=== Begin Enclosure ===

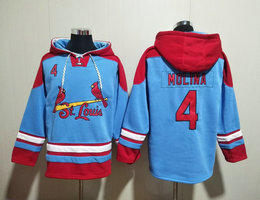 St.Louis Cardinals #4 Yadier Molina Blue All Stitched Hooded Sweatshirt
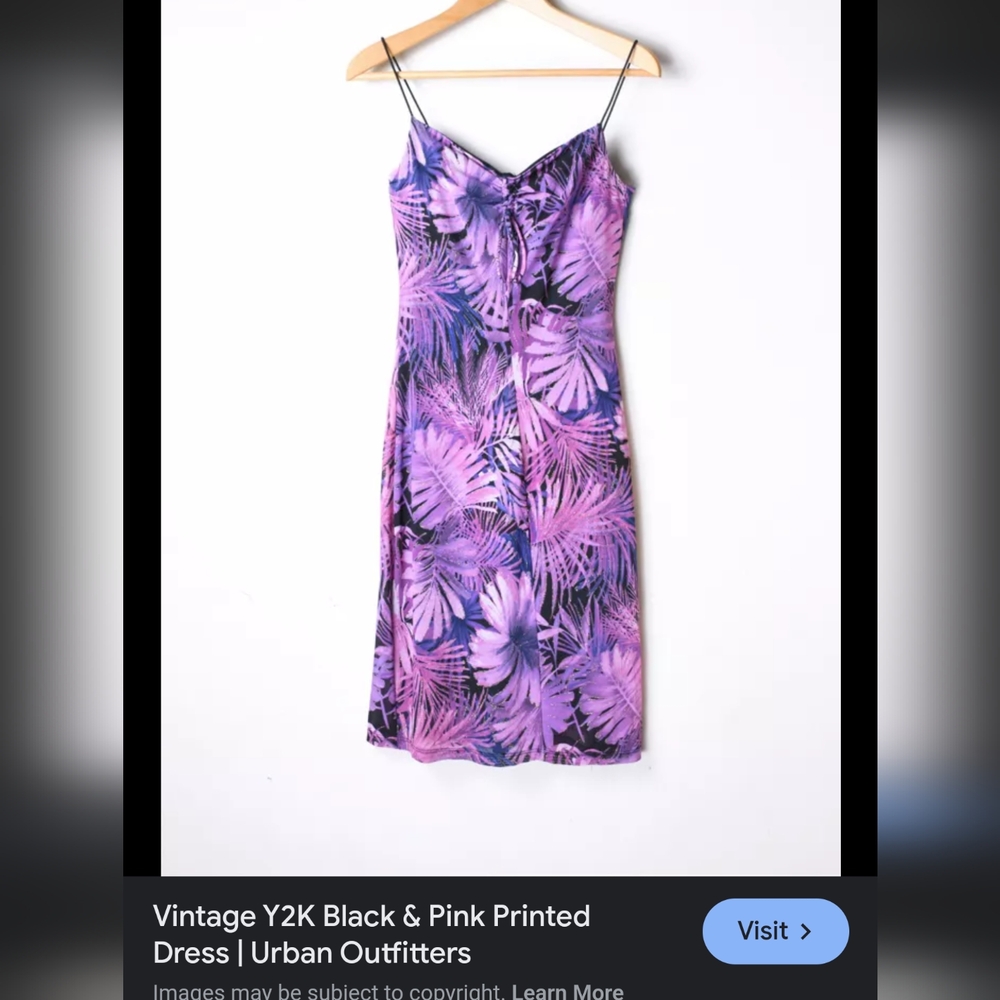 Vintage Y2K black and pink printed dress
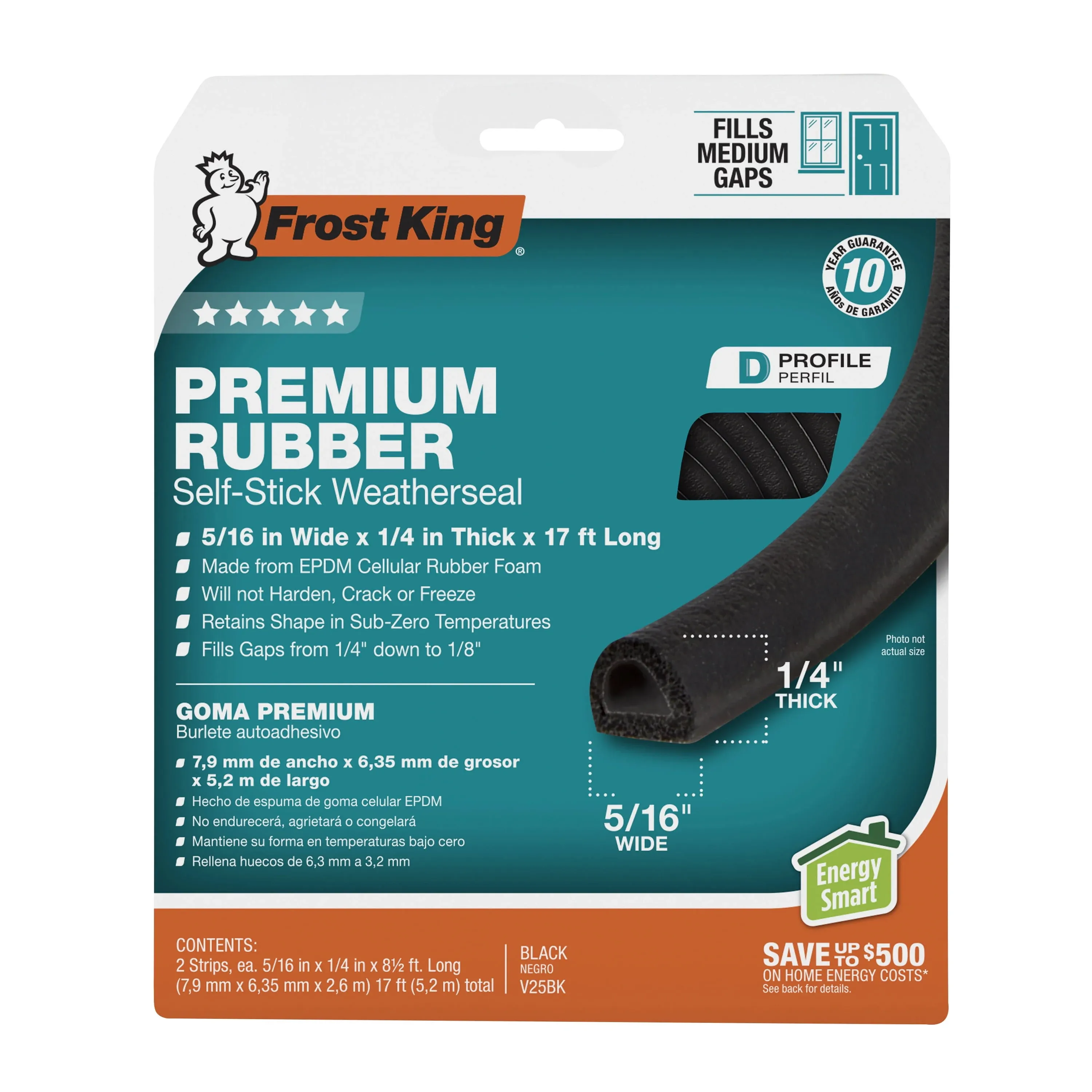 Frost King V25bk Self-Stick Weatherseal Tape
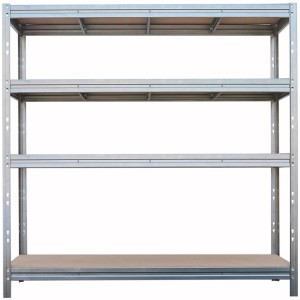 Verzinktes AR-Shelving Schwerlast-Steckregal Bullrack-Rivet, 200x200x60 cm, mit vier Böden.
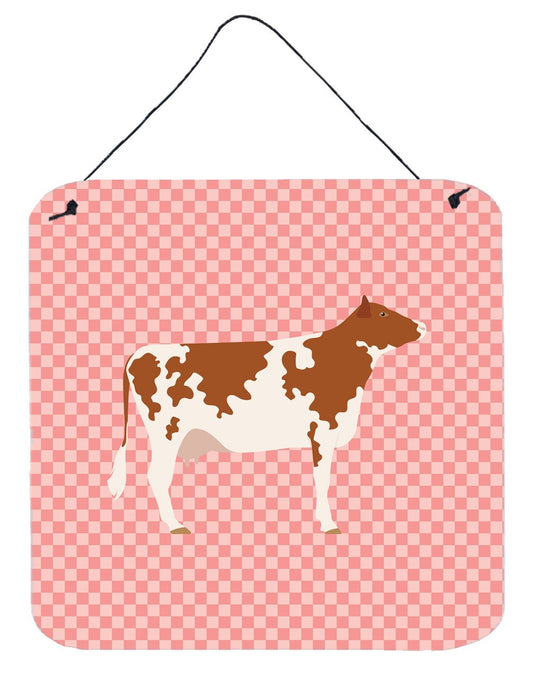 Ayrshire Cow Pink Check Wall or Door Hanging Prints BB7827DS66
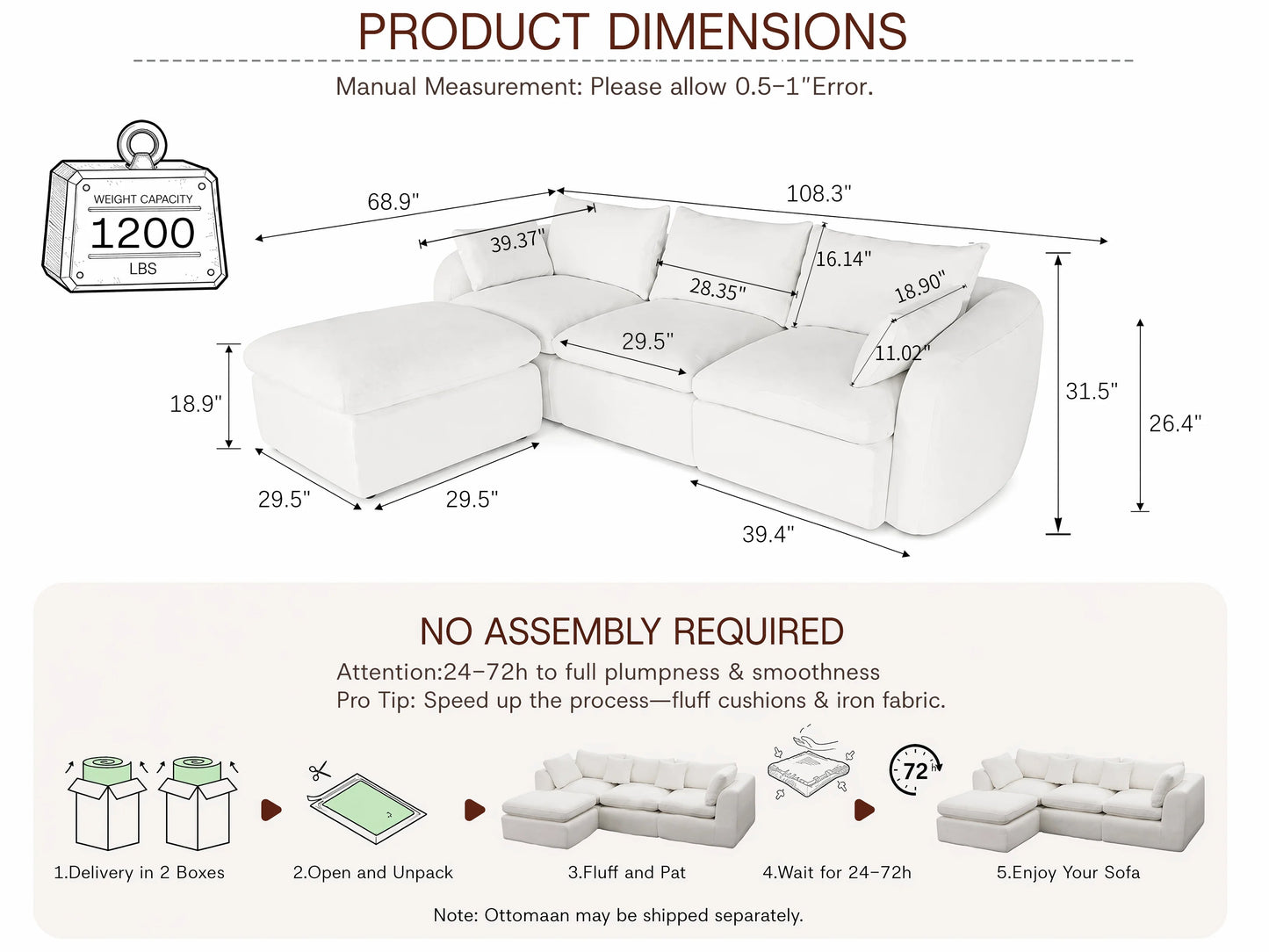 Fully Sponge Compressed Sectional Sofa by HouseOfZazla, white upholstery with chaise on Tampa Home & Garden Store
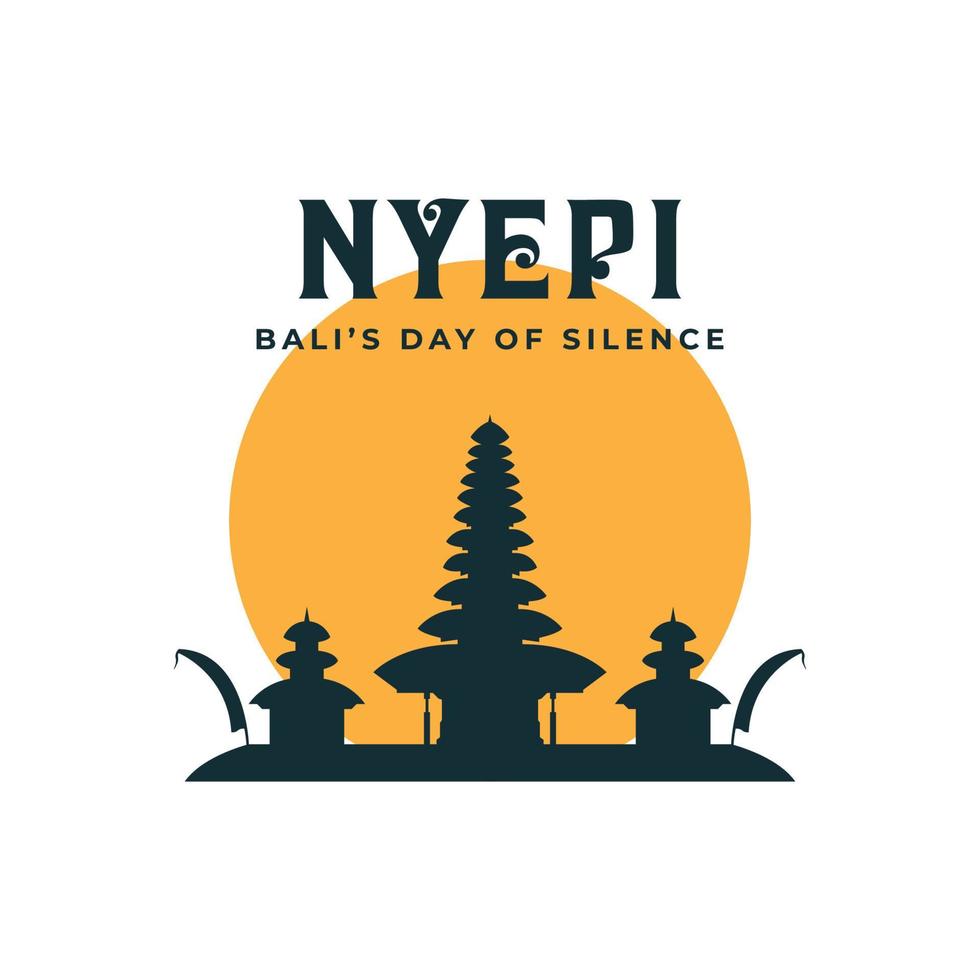 contento nyepi día hinduismo contento de bali día de silencio templo vector ilustración antecedentes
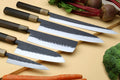 Yoshihiro Kurouchi Stainless Clad Nashiji High Performance SLD (Gyuto, Santoku, Nakiri, Sujihiki-Kiritsuke & Petty) 5pc Knife Set with Magnolia Saya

=== End Enclosure ===

Give again exactly the lines from the one holding "contento nyepi día" to the final line of the records, both ends included, and nothing more. Pictures do not belong in the copy.

 contento nyepi día hinduismo contento de bali día de silencio templo vector ilustración antecedentes
 Yoshihiro Kurouchi Stainless Clad Nashiji High Performance SLD (Gyuto, Santoku, Nakiri, Sujihiki-Kiritsuke & Petty) 5pc Knife Set with Magnolia Saya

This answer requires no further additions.